All programs that need this data can use this view, and guess what? They can use SELECT *, just as the one-table example did. Here’s the static SQL version:
H dftactgrp(*no) actgrp(*new) option(*srcstmt: *nodebugio) D EmployeeData e ds extname('EMPV1') D cSQLEOF c const('02000') *inlr = *on; exec sql declare c1 cursor for select * from empv1 order by clock; exec sql open c1; assert (SQLState < cSQLEOF: 'Open failed, state=' + SQLState); exec sql fetch c1 into :EmployeeData; assert (SQLState < cSQLEOF: 'Fetch failed, state=' + SQLState); dump(a); exec sql close c1; assert (SQLState < cSQLEOF: 'Close failed, state=' + SQLState); return; P Assert B . . . as before . . . P Assert E
As I did in the one-table query, I’ve used the view to describe the data structure. SELECT * works well because it retrieves the values in the same order that they are listed in the view.
Using views is even more robust if you don’t change them. Suppose we need another column in the query. If we change the view, we may have to recompile the programs. But if instead we create another view, the only programs that have to be recompiled are those that need the new column. You can change those programs to use the new view, and you can do so without a code freeze.

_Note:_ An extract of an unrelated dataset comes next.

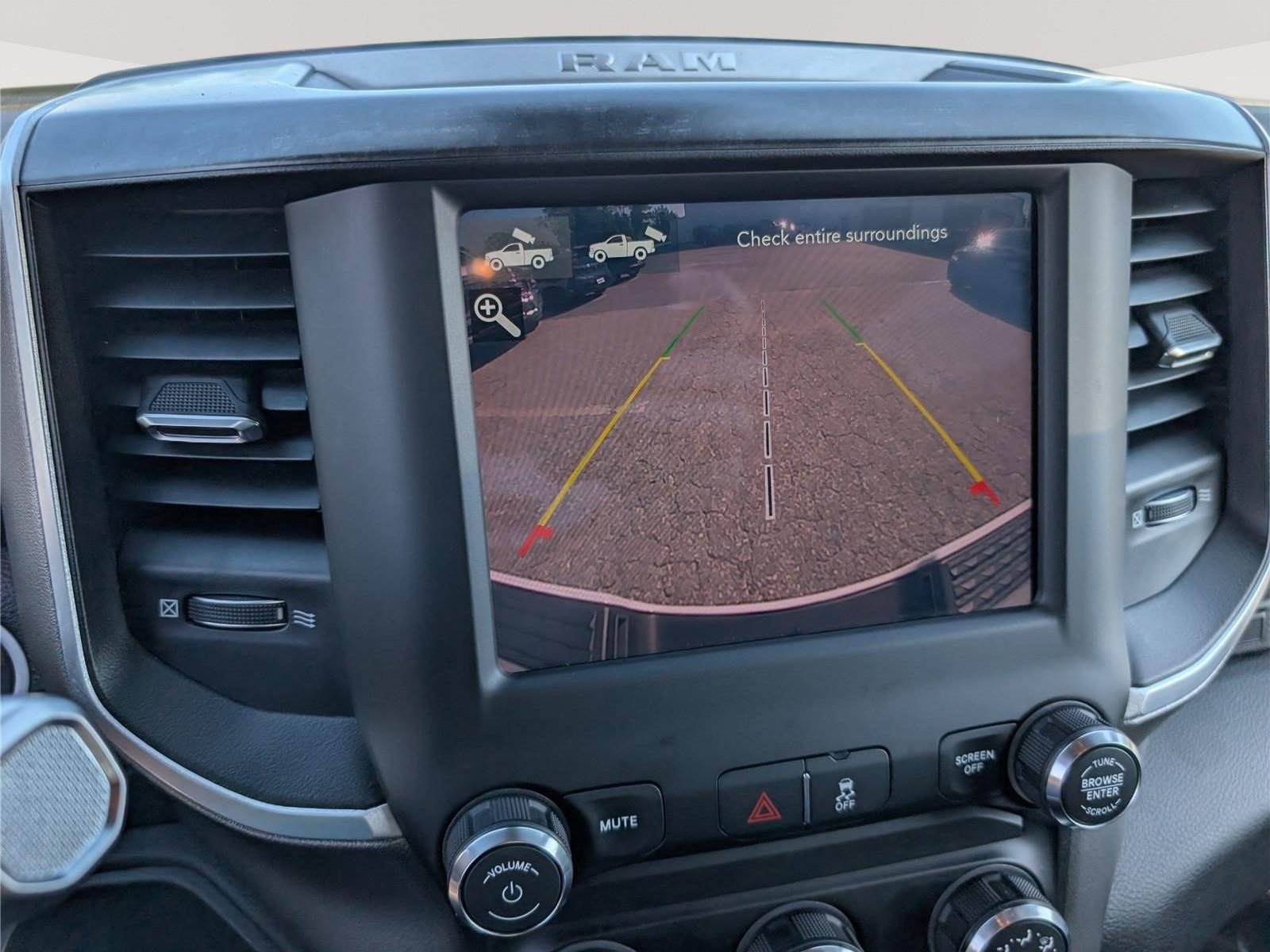 Used 2019 RAM 3500 Big Horn RWD image 26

The bottom line, then, seems to be that using SELECT * in a cursor definition in conjunction with an externally-described data structure is bulletproof. Well, not quite. Implicitly hidden columns fowl up the works if you query a table, because implicity hidden columns are included in the data structure, but not in the SELECT * field list. Chances that this will happen are very, very slim, as many if not most shops don’t use implicitly hidden columns. Columns cannot be hidden in a view, so you won’t encounter this problem if you run SELECT * against a view.
If it is customary in your shop to query tables, consider that there is much to be said for querying views instead.
what if a column size changes, like a column goes from char(30) to char(50)?